The driver with the blob on the windshield was back at 8:45. I tried asking his name but couldn't make it out, and he couldn't really explain. He doesn't speak French, only Kinyarwanda, but he comes with a good reputation and is vouched for by people we know and trust. It's important here to have a trustworthy driver.
About 9:00 we arrived at the Presbyterian conference center where our fellows are staying and where we're holding our meetings. I have invited two of our young men to attend this conference, they speak French and some English as well as Kinyarwanda and have the potential to be a great help in the future. They both ran late arriving, they had transportation problems which are common, so we waited for them, finally starting about 10:00. We made up the extra time by trimming our breaks and going later in the evening.  

I started with a PowerPoint presentation, and then we moved into the discussion of our fundamental beliefs, which went until lunchtime. We had chicken, peas and carrots, fried bananas, rice, sauce, French fries, a soft drink, and fruit for dessert. They're big into carbs in Africa.... The food was quite good and well prepared, and our attendees really packed it away. It's a pleasure to see them eat well. For the men coming from Giti this will be like the Feast of Tabernacles, they'll eat some meat every day for three days. At home they can only eat meat a few times a year.  
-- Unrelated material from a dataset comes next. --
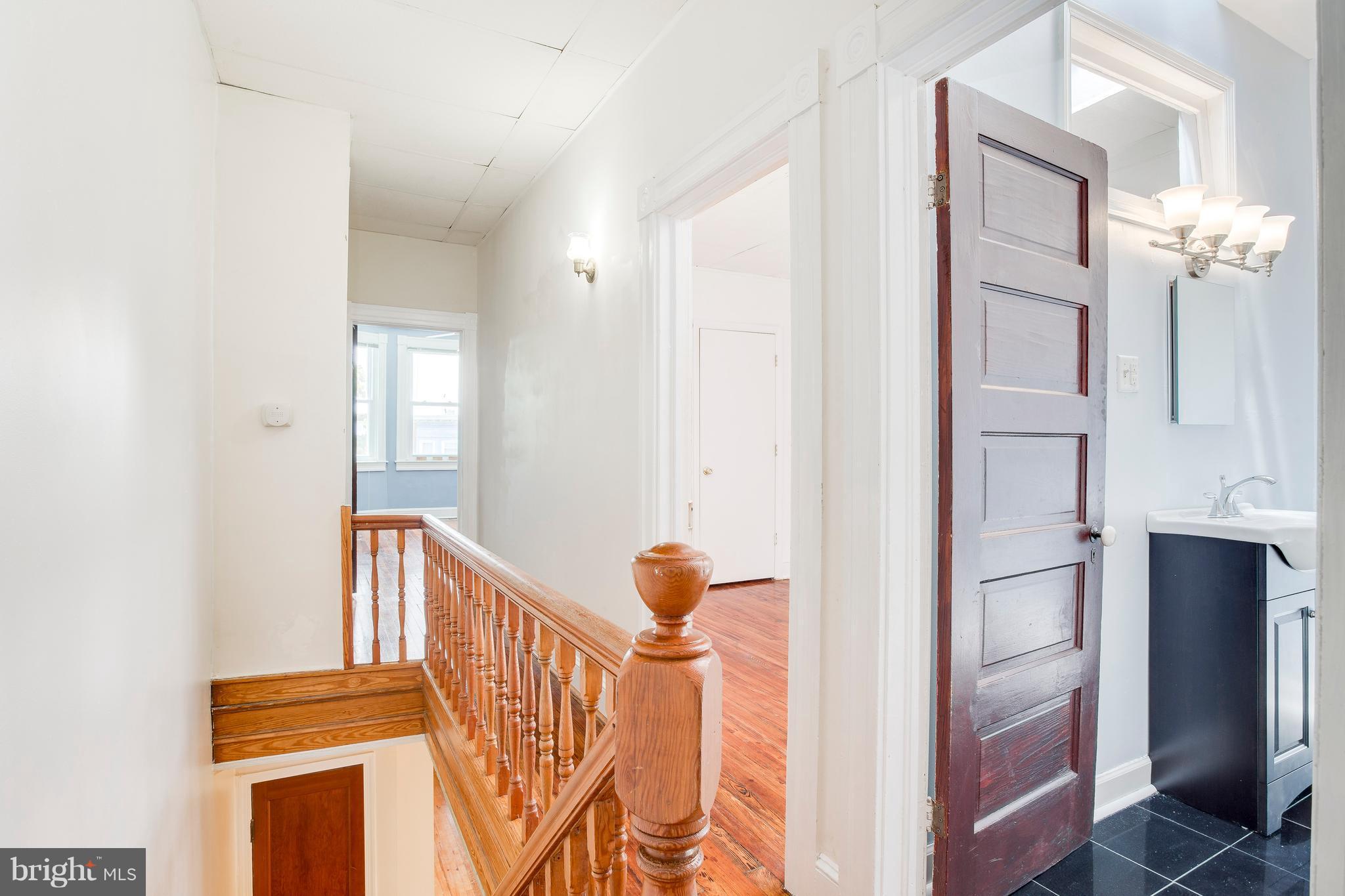 4119 Falls Road Baltimore, MD 21211 - Photo 14 of 23 top floor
Over lunch we discussed many things. One of them of course was the election of Barak Obama. I was told that almost the whole country got up early the morning after the election to follow the results. The final results were announced late in the day in the US, which is early in the morning in East Africa. Apparently an audible cheer went up all over Kigali when the final result was announced.  We also talked about African snakes and local remedies for snakebite, lions, national parks, insects, and superstitions. For example in Rwanda many children are taught not to kill a praying mantis or they will die themselves, and Rwandans believe that if a woman sees a snake and bares one breast the snake will stay still and not leave, allowing someone else to kill it. We went on to talk about hippos, national parks, and travel between Burundi and Rwanda. It was quite an animated discussion.
This is a very good site for us to use. It's clean, not expensive and well located, even if a bit disorganized. Mr. Mundeli did very well with the arrangements
After lunch we continued with the doctrinal discussion. For the last session we started working on the temperament profile. Again with the language barriers we had to work our way through some vocabulary, so that everyone could complete the profile in the evening. That was their homework.
We had a power outage at one time, so I couldn't use the AV projector until later in the day, but we worked around that. During our breaks we stepped outside and chatted and took in the views we had of Kigali. One of the men pointed down to a street and clearing in the middle of the buildings and said it was a place where people had been murdered during the genocide which is now 15 years in the past.
April is the memorial time, that's when most of the killing occurred. There have been some grenade attacks against genocide memorials. No one had been hurt so far, but they frightened people. It's no doubt the work of people who were involved in the genocide, or people who are angry with the course the country is taking. Overall, however, from what I can see, things seem pretty positive for the future of Rwanda.

There was a beautiful sunset over the city as we drove back to my hotel for the night.